The first bus full of over 70 people has just arrived and they get off the bus looking tired and apprehensive. They are directed down towards the camp registration tent pulling bulging suitcases and carrying a whole variety of belongings from blankets to electrical equipment.
There are many single men and a few families. Some of the women have babies strapped to their backs and young children stumble along behind them in the sand.
I am working at this border area as part of the British Red Cross Mass Sanitation Emergency Response Unit. There are four of us in the team – a specialist support worker, a sanitation engineer, the team leader and me.
My role is in public health and hygiene promotion. We have been here for four weeks and until today worked in a camp two kilometres away. This camp was the first to be set up at the border by the UN Refugee Agency UNHCR and the military in response to the humanitarian crisis in Libya. It is an enormous sprawling camp. But now the Federation of the Red Cross’ own camp is ready.
This is an unusual situation. Unlike most other humanitarian crisis situations where the majority of people are likely to be from one national group and where many are women and children, here there are more than 36 different nationalities and 90 per cent are young men.
When we arrived 75 per cent of the camp population was from Bangladesh. Today the majority are from Africa. There is an enormously fluctuating population as people arrive and arrangements are made to fly them back to their home countries. So far more than 148,000 people have been transported home.
Four weeks ago there were over 17,000 people in the camp. This dropped to 5,000 and today is 11,000. For most the average stay is 10 days. For others, such as the people from Somalia and Eritrea, their future is less certain because they cannot be returned to their home countries for security reasons.
Many people arriving are traumatised and shocked. They arrive at the border with virtually nothing. Their stories become familiar – how they first hid before fleeing towards the border, being stopped frequently along the road and being stripped of all their money, mobile phones and laptops.
After such an experience, finding food, shelter and safety means everything. Within hours they are lining up at the International Committee of the Red Cross’ Restoring Family Links tent to let family and friends know that they are safe. But now they want to go home. They want to know when they will be able to leave and this is the question that comes up again and again.
The response to this crisis by the Tunisian people has been both remarkable and humbling. This is not a wealthy country and this area is not a wealthy area, but food, clothing and medicines have come flooding in.
The Tunisian people are rightly proud of their own almost bloodless revolution and want to do what they can to give support for and offer solidarity to, the Libyan people.

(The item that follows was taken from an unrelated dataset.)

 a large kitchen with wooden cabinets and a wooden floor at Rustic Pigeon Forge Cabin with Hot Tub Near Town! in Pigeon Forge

Many Tunisian people are giving up their holidays to come and help.
One day I was working alongside an airline pilot who was helping us build latrines. I met two doctors who were serving food in a Liberian Red Crescent kitchen, providing meals to over 10,000 people a day.

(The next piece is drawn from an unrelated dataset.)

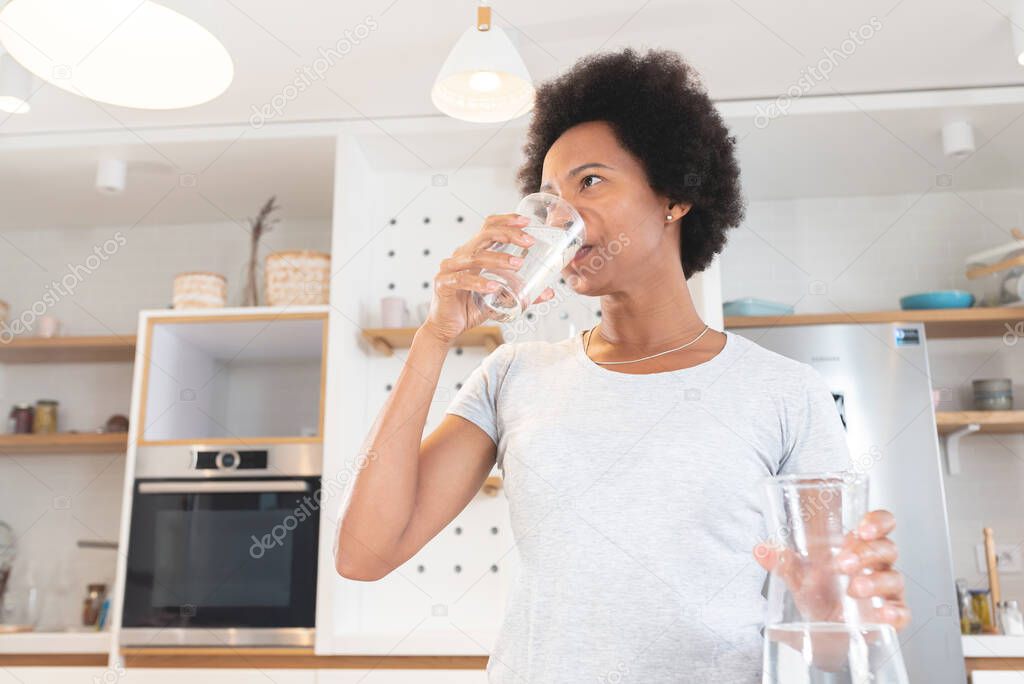 African American woman drinking water from glass in kitchen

Sometimes over 1,000 people a day are transported to the airport at Djerba and often wait for more than six hours in the airport for their flights home.
The Tunisian Red Crescent volunteers provide food and medical care and do their best to keep the airport facilities clean. The airport authorities are very tolerant.
Education in Tunisia is taken very seriously but jobs are scarce.
At the local town of Ben Guerdane, out of a population of around 100,000, there are more than 900 unemployed graduates. It was from these graduates that I recruited nine men and one woman to come to work with me in the camps. All are aged between mid 30s and 40s. Most have not worked for more than five years.
They have degrees in such things as Arabic, law, mathematics, finance and history. Turning them into workers who can support and advise people on how to keep healthy while living in the camp has been an interesting experience! But for the people of Tunisia and Libya life has been far from easy. I wish a happier future for them.